In a filing submitted Friday and effective that day, former Senate Majority Leader Trent Lott, R-Miss., and former Senator John Breaux, D-La., are listed as the main lobbyists under the Gazprombank account for the firm Squire Patton Boggs, lobbying on “banking laws and regulations including applicable sanctions.”

Gazprombank GPB (OJSC) is a subsidiary of Gazprombank, Russia’s third largest bank. On July 16th, the U.S. Treasury Department added it to a list of Russian firms barred from debt financing with U.S. institutions.

Lott and Breaux left public service almost a decade ago and are among more than 300 members of Congress who’ve become lobbyists, and begun petitioning former colleagues on behalf of clients, according to the Center for Responsive Politics. In 2008, they started a lobbying firm with their sons, Breaux Lott Leadership Group, which was acquired by D.C.-lobbying powerhouse Patton Boggs in 2010. Patton Boggs merged with Squire Sanders to form Squire Patton Boggs in June.

Gazprom has been in the news a lot. In July, The Permanent Court of Arbitration, an intergovernmental organization located in The Hague, Netherlands, ruled that the Russian government should reimburse $50 billion to certain shareholders of former Russian oil company Yukos. The tribunal said the government, in a series of actions starting in 2003 “accompanied by serious due process violations,” had dismantled and seized the assets of Yukos and transferred them to Gazprom and state-run oil company Rosneft.

I’d like to say that I wonder how they Lott and Breaux can sleep at night, but with the money they’l likely making off this deal I’m sure they’re sleeping pretty darn well.
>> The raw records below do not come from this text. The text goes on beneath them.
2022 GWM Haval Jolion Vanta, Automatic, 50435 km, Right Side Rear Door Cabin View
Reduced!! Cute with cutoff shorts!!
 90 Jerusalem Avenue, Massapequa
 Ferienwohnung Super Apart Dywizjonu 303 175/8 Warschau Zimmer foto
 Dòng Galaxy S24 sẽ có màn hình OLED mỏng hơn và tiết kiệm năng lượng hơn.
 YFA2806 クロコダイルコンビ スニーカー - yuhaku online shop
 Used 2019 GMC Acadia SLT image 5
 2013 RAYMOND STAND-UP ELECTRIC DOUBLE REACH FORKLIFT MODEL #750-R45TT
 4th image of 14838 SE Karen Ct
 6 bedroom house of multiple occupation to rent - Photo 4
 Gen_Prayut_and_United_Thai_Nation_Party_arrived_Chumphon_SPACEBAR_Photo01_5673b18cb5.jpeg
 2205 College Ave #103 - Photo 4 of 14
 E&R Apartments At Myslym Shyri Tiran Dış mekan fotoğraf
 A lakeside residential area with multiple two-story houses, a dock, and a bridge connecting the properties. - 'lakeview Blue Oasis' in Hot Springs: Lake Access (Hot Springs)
FILED UNDER: Congress, US Politics, , , , , , , ,
Doug Mataconis
About Doug Mataconis
Doug Mataconis held a B.A. in Political Science from Rutgers University and J.D. from George Mason University School of Law. He joined the staff of OTB in May 2010 and contributed a staggering 16,483 posts before his retirement in January 2020. He passed far too young in July 2021.

Comments

  1. Scott says:

    What is the difference between lobbyists and foreign agents?

  2. Mu says:

    Foreign agents can’t deduct their $300 business luncheons on their taxes.

  3. the Q says:

    “how can they sleep at night”….the same way their traitorous great grand pappys could when trying to destroy the Union – they’re southerners. What do you expect from these clowns?

  4. rudderpedals says:

    Thanks a lot bro

  5. michael reynolds says:

    Well, Doug, I imagine both men are also corporations, and by your lights their only obligation is to their own bottom line. Right?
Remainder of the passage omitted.